Fitting generic targets

Besides energy-like targets, the library also supports reading (and training on) more generic targets.

Support for generic targets

Not all architectures can train on all types of target. Here you can find the capabilities of the architectures in metatrain.

Sample Table

Target type

Energy and its gradients

Scalars

Spherical tensors

Cartesian tensors

SOAP-BPNN

Energy, forces, stress/virial

Yes

Yes

No

GAP

Energy, forces

No

No

No

PET

Energy, forces

No

No

No

NanoPET

Energy, forces, stress/virial

Yes

Yes

Only with rank=1 (vectors)

Preparing generic targets for reading by metatrain

Only a few steps are required to fit arbitrary targets in metatrain.

Input file

In order to read a generic target, you will have to specify its layout in the input file. Suppose you want to learn a target named mtt::my_target, which is represented as a set of 10 independent per-atom 3D Cartesian vector (we need to learn 3x10 values for each atom). The target section in the input file should look like this:

targets:
  mtt::my_target:
    read_from: dataset.xyz
    key: my_target
    quantity: ""
    unit: ""
    per_atom: True
    type:
      cartesian:
        rank: 1
    num_subtargets: 10

The crucial fields here are:

  • per_atom: This field should be set to True if the target is a per-atom

    property. Otherwise, it should be set to False.

  • type: This field specifies the type of the target. In this case, the target is

    a Cartesian vector. The rank field specifies the rank of the target. For Cartesian vectors, the rank is 1. Other possibilities for the type are scalar (for a scalar target) and spherical (for a spherical tensor).

  • num_subtargets: This field specifies the number of sub-targets that need to be

    learned as part of this target. They are treated as entirely equivalent by models in metatrain and will often be represented as outputs of the same neural network layer. A common use case for this field is when you are learning a discretization of a continuous target, such as the grid points of a band structure. In the example above, there are 10 sub-targets. In metatensor, these correspond to the number of properties of the target.

A few more words should be spent on spherical targets. These should be made of a certain number of irreducible spherical tensors.

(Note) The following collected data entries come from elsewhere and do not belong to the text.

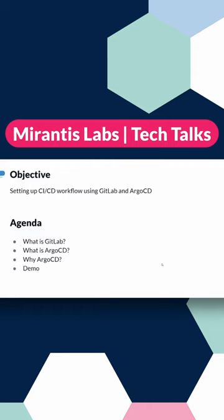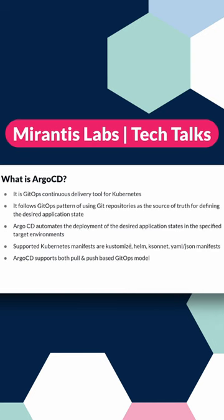We would be basically covering an entire GitOps CI/CD pipeline, which would be including the tool sets such as GitLab, Argo CD.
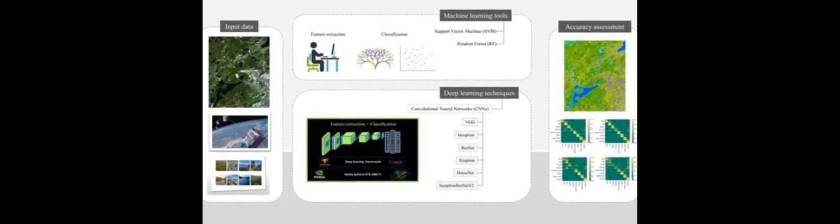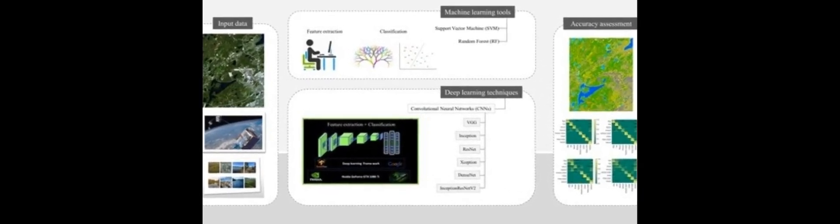This paper investigates the use of deep convolutional neural networks (CNNs) for classification of complex wetland classes using multispectral RapidEye optical imagery.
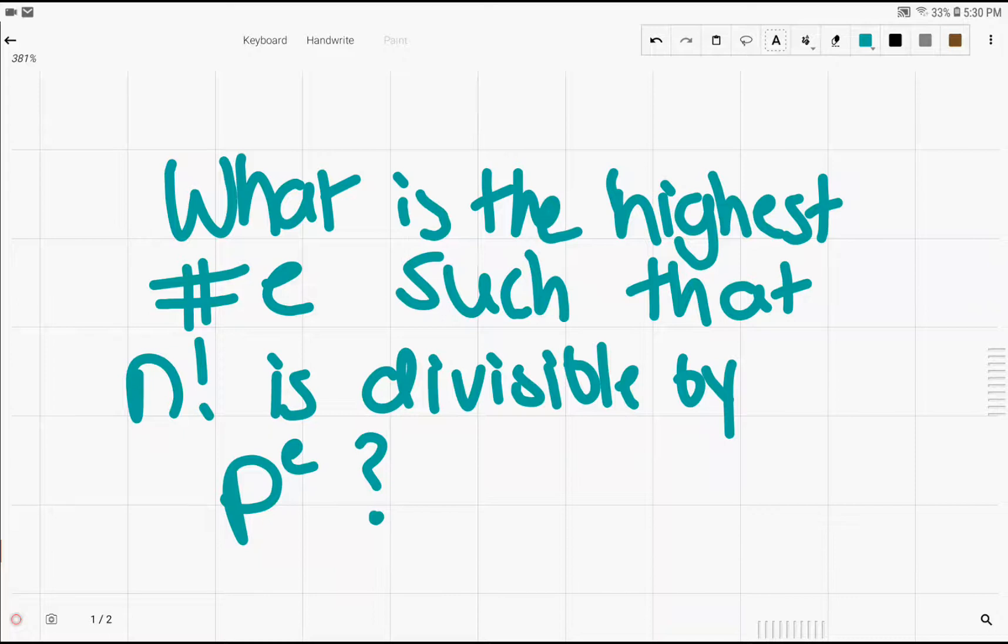In this video, we're going to be talking about what the highest value of e can be such that n factorial is divisible by p to the e, where p is a prime.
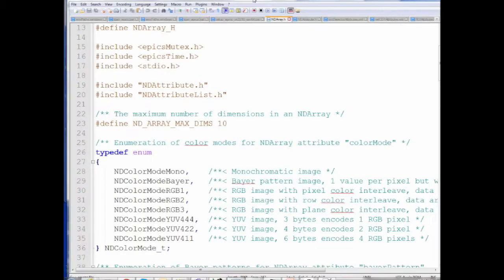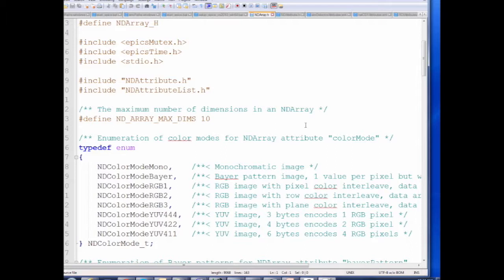This is the file ndarray.h — the header file that defines an NDArray. There's an enumeration of supported color modes: mono (one color per image, what most X-ray detectors produce), Bayer (monochromatic but each pixel has a different color filter — what real color cameras actually produce, with groups of four: two green, one red, one blue pixels).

For example, if you are learning a property that can be decomposed into two proper spherical tensors with L=0 and L=2, the target section should would look like this:

targets:
  mtt::my_target:
    quantity: ""
    read_from: dataset.xyz
    key: energy
    unit: ""
    per_atom: True
    type:
      spherical:
        irreps:
            - {o3_lambda: 0, o3_sigma: 1}
            - {o3_lambda: 2, o3_sigma: 1}
    num_subtargets: 10

where o3_lambda specifies the L value of the spherical tensor and o3_sigma its parity with respect to inversion (1 for proper tensors, -1 for pseudo-tensors).

Preparing your targets – ASE

If you are using the ASE readers to read your targets, you will have to save them either in the .info (if the target is per structure, i.e. not per atom) or in the .arrays (if the target is per atom) attributes of the ASE atoms object. Then you can dump the atoms object to a file using ase.io.write.

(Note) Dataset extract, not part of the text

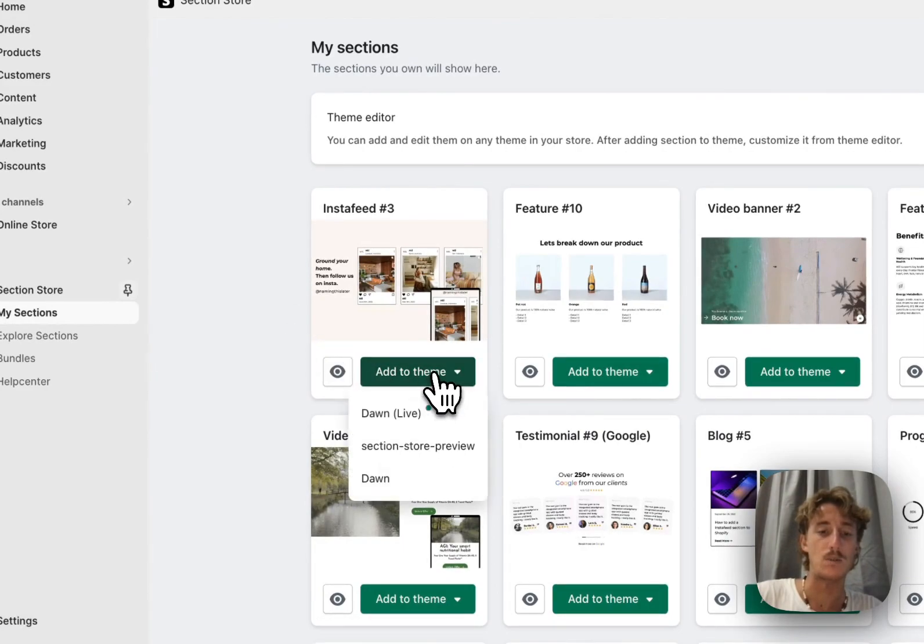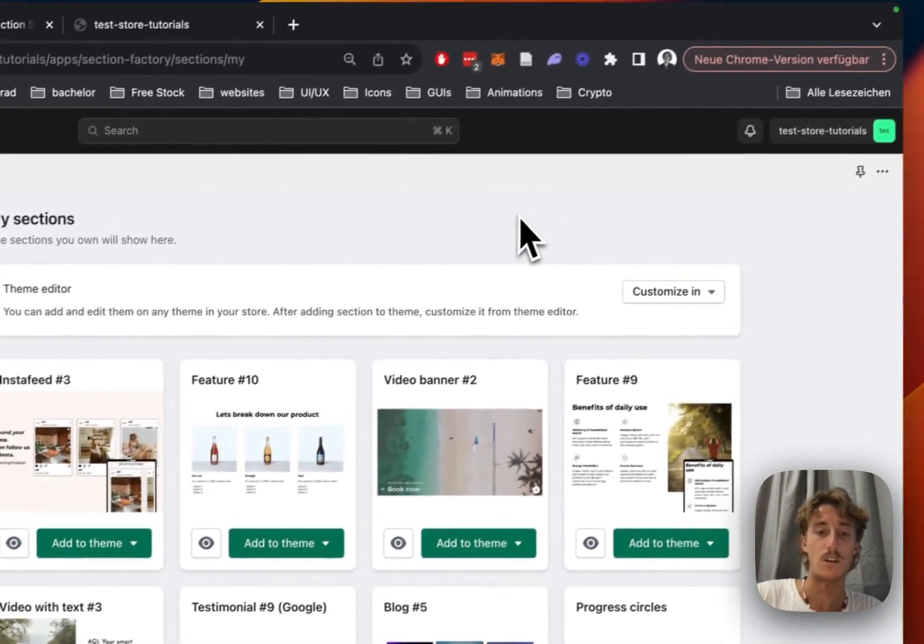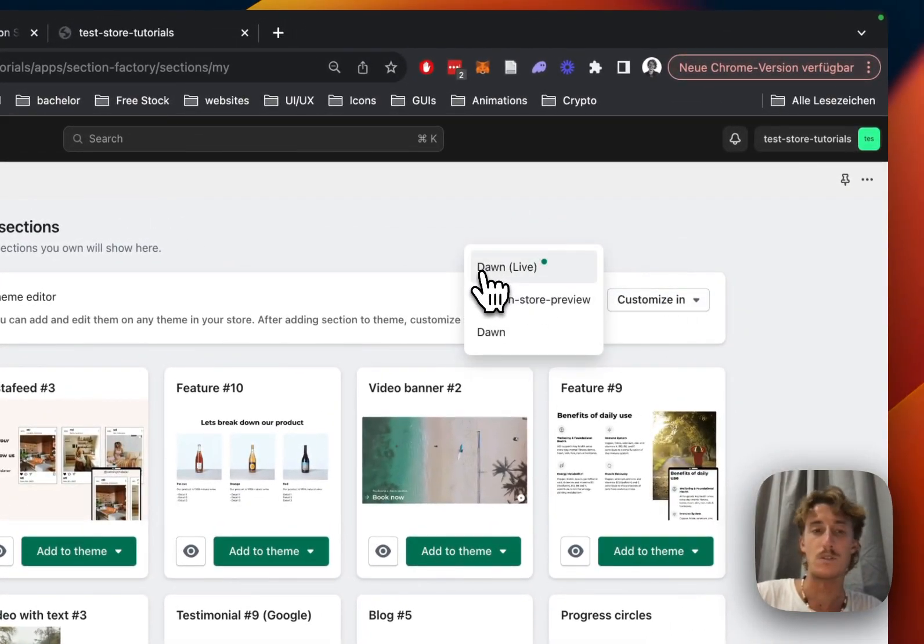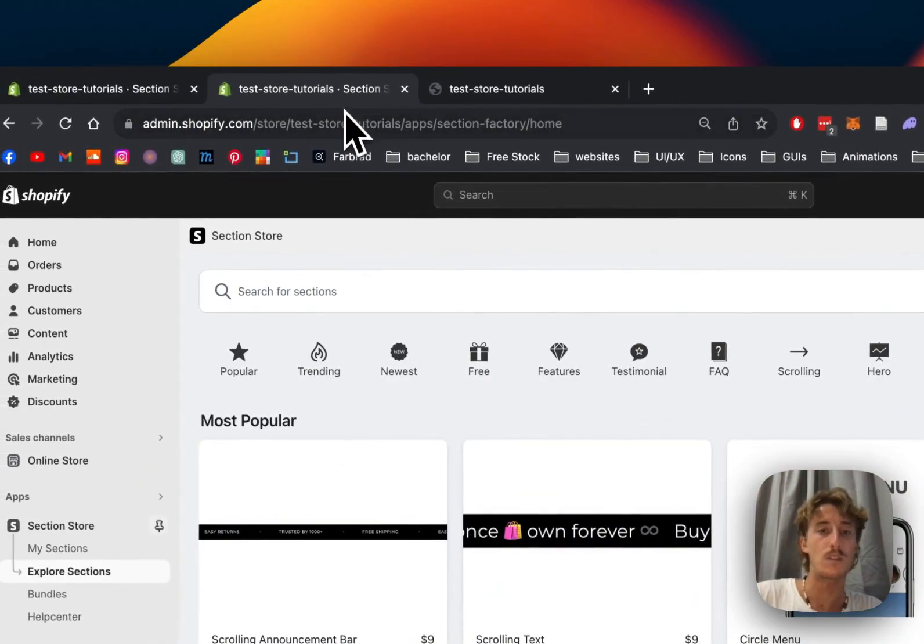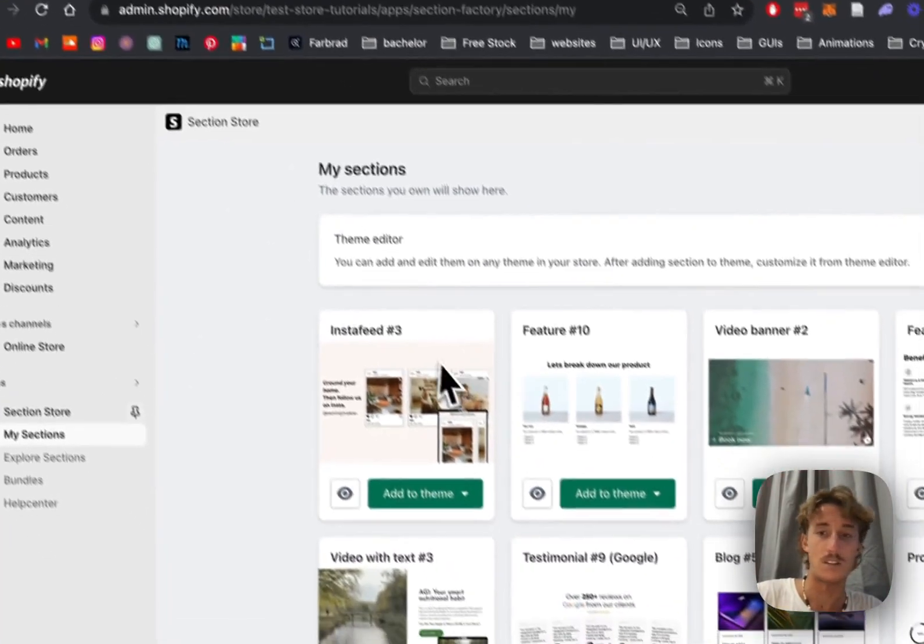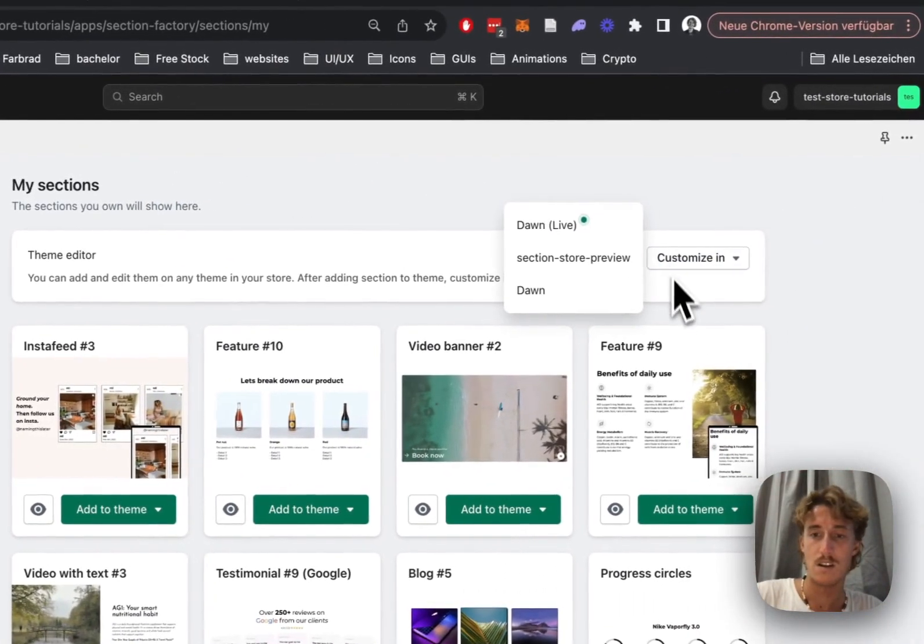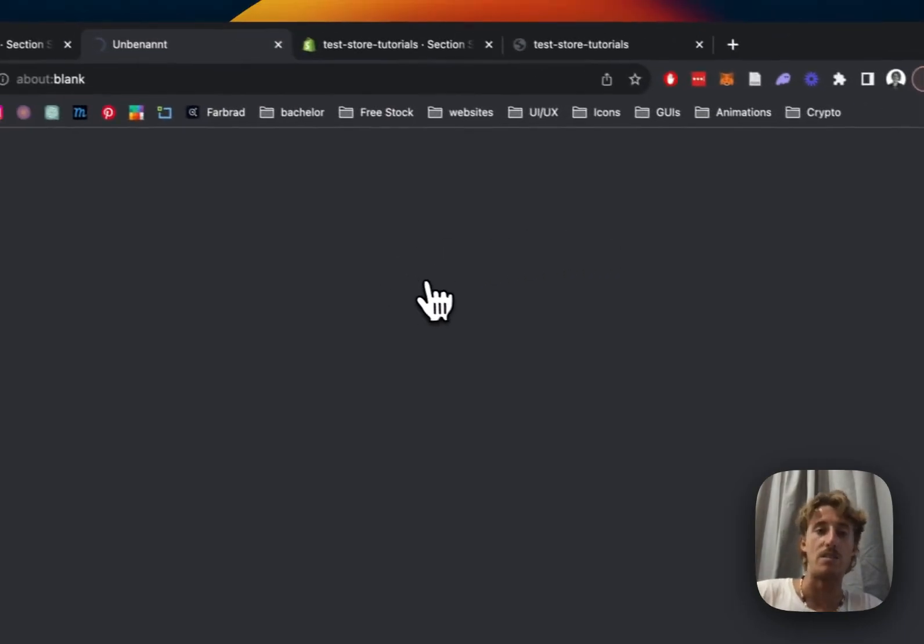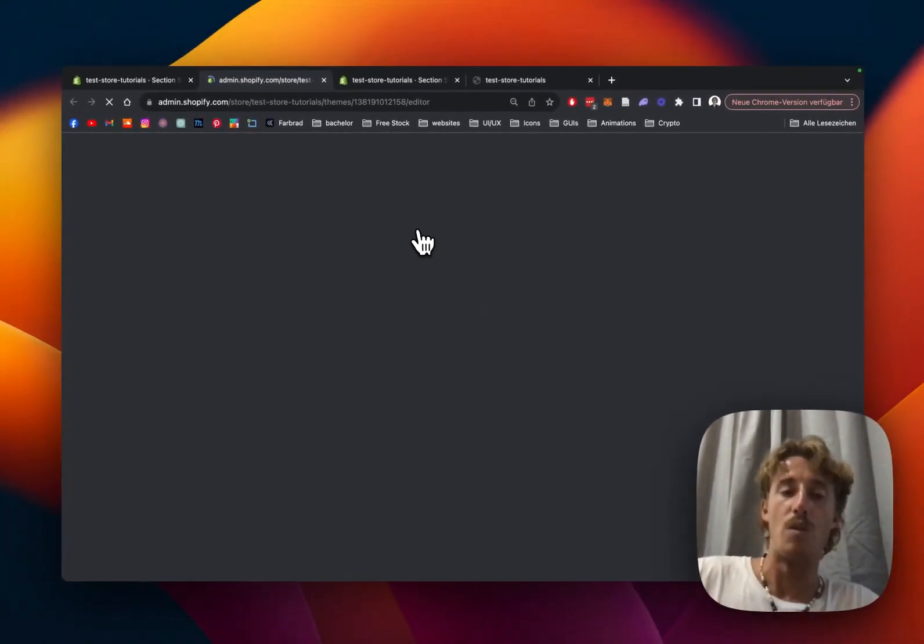In my case it's the Dawn Live theme. Open up your theme editor with the one you just selected. I've also done so myself, so I'm just going to click on Dawn Live. That is the one we need, and then we will focus on rebuilding that section and I'll show you how you can customize it.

The ASE reader will automatically try to reshape the target data to the format expected given the target section in the input file. In case your target data is invalid, an error will be raised.

Reading targets with more than one spherical tensor is not supported by the ASE reader. In that case, you should use the metatensor reader.

Preparing your targets – metatensor

If you are using the metatensor readers to read your targets, you will have to save them as a metatensor.torch.TensorMap object with metatensor.torch.TensorMap.save() into a file with the .mts extension.

The metatensor reader will verify that the target data in the input files corresponds to the metadata in the provided TensorMap objects. In case of a mismatch, errors will be raised.

In particular:

  • if the target is per atom, the samples should have the [system, atom] names, otherwise the [system] name. In order to produce correct results, per-atom targets should be prepared in the same order as the atoms in the system. This means that you should use e.g. metatensor.torch.sort to sort the atoms in your target.

  • if the target is a scalar, only one TensorBlock should be present, the keys of the TensorMap should be a Labels.single() object, and there should be no components.

  • if the target is a cartesian tensor, only one TensorBlock should be present, the keys of the TensorMap should be a Labels.single() object, and there should be one components, with names [xyz] for a rank-1 tensor, [xyz_1, xyz_2, etc.] for higher rank tensors.

  • if the target is a spherical tensor, the TensorMap can contain multiple TensorBlock, each corresponding to one irreducible spherical tensor. The keys of the TensorMap should have the o3_lambda and o3_sigma names, corresponding to the values provided in the input file, and each TensorBlock should be one component label, with name o3_mu and values going from -L to L.